I actually think it's pretty good for a year! (I've never had any students who'd be capable of this after a year. Mind you, if I had, and they just did this, my sense of pride would be severely diminished... I'd be wondering where I went wrong...)
Obviously there's lots wrong with it. Which I'm going to talk about...
Almost unlistenable sound quality, for a start: why so much background noise?
And then after 1:50 it gets doubly unlistenable when you turn the distortion on (I winced and stopped listening at that point).
It's hard to discern "bad habits" in the technical sense (eg, poor hand position, etc), and the main problems are in what you're actually playing (not how you're doing it, technically).
In particular, some of the faster passages are fuzzy, with some notes not clearly articulated. This is a common problem with wanting to play fast: you let your fingers rip and they end up falling over themselves.
You need to make sure that every note you play is clear, however fast it is. There's really no point in trying to play fast if you can't do it flawlessly - it will just sound amateurish (as it does, in spades!). Much more impressive to play with a steady rhythm (totally absent from this), and at a speed where the fastest passages are still crisp, with each note well articulated.
As GaJ says, it's noodling - aimless. Nothing really wrong with that, if you can make it musical. You do seem to be sticking to a particular scale or key, so it's planned in that sense. But there is no sense of rhythm or time. Those things are
fundamental: much more important than how many notes you can cram into a second. No one is going to care how fast you can play if it's messy; if you can play slow with a good groove, people will love it.
There is no melodic content either. There is a clear attempt, at least at the beginning (and well done for trying!) to combine slow with fast; but there's just extremes at both ends, and nothing in the middle. There's no evidence of awareness of the need to make musical phrases, ie with melodic and rhythm content. (Even shredders work with musical phrases, if they're any good.)
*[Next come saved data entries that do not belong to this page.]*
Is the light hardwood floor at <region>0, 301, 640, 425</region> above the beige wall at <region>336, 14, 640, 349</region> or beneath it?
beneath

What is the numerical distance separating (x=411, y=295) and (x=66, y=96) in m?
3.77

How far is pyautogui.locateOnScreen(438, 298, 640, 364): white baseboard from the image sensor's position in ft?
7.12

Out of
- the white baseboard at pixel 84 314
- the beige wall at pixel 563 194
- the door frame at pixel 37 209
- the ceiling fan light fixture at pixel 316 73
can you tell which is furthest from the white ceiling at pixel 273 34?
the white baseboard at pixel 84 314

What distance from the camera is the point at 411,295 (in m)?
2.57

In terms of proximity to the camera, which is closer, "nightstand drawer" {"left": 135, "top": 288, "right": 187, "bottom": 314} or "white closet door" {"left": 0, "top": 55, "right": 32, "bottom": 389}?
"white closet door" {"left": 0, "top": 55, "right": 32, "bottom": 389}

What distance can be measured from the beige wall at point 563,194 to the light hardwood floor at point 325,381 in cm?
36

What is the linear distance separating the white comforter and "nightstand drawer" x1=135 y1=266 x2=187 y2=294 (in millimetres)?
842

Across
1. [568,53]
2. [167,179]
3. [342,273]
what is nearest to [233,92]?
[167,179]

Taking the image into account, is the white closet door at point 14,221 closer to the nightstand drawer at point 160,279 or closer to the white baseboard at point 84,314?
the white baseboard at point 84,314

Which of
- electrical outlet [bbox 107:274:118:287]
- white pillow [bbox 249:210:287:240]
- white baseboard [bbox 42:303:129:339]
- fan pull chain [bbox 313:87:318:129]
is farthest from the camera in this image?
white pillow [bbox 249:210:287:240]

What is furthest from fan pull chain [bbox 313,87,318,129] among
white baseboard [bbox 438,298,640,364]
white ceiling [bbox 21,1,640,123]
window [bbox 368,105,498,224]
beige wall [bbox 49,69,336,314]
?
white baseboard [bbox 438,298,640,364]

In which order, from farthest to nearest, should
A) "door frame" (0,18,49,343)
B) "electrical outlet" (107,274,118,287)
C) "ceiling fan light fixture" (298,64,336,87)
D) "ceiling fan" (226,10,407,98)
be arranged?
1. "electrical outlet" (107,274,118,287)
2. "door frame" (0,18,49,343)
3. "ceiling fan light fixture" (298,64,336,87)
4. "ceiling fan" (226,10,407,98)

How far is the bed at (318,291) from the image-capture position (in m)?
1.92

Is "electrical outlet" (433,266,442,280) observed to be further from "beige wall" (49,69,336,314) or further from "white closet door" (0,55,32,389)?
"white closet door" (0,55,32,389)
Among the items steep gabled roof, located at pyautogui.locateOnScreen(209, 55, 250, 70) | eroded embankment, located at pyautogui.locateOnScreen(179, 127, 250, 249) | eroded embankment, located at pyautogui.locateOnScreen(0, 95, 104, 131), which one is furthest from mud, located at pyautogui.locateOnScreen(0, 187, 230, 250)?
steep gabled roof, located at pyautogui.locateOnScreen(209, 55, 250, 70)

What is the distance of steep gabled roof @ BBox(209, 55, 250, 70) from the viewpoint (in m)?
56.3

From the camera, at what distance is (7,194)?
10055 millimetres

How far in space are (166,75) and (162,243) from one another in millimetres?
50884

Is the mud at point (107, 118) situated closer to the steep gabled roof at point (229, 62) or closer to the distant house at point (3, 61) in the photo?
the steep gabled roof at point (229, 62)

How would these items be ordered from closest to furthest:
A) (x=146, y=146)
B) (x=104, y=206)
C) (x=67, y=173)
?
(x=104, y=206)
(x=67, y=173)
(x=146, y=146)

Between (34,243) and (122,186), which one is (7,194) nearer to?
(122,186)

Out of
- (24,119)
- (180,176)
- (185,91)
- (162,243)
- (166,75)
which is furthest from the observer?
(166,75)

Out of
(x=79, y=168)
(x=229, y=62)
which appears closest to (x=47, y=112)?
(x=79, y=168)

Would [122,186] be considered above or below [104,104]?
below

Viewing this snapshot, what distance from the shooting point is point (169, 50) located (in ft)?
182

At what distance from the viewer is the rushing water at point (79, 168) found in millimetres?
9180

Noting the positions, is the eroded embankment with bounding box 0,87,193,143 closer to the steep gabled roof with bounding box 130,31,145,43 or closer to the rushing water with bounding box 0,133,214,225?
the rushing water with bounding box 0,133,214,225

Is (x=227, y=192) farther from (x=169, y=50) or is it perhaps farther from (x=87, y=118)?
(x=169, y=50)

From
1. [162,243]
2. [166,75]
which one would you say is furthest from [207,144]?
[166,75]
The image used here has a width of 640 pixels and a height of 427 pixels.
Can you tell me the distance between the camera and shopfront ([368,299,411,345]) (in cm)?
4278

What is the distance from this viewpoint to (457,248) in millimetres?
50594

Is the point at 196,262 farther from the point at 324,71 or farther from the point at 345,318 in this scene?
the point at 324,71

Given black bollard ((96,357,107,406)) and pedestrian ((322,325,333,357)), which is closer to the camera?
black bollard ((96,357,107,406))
At the moment, you're basically just showing off how fast your fingers can move (with some long notes because you feel that's important), and how well you know your scale pattern(s).
The basic lesson is you need to exert some CONTROL. Get those fingers back on the leash. Work with a backing track - or drum machine, or even just a metronome - so you have a rhythmic context to play against.
Listen to your favourite guitar players, and listen to every way they control what they play - not just to how fast they can go.
A better way of us judging how good you are (technically) is to play some well-known riffs, and see how tight you can make them, how well you can get on top of them.
But - on the upside - you've clearly put in some intensive work over the year. You just need to
organise it; it's a mess at the moment. Learn some
music.
"The most important rule in music is you must always avoid discord. Use dat chord instead."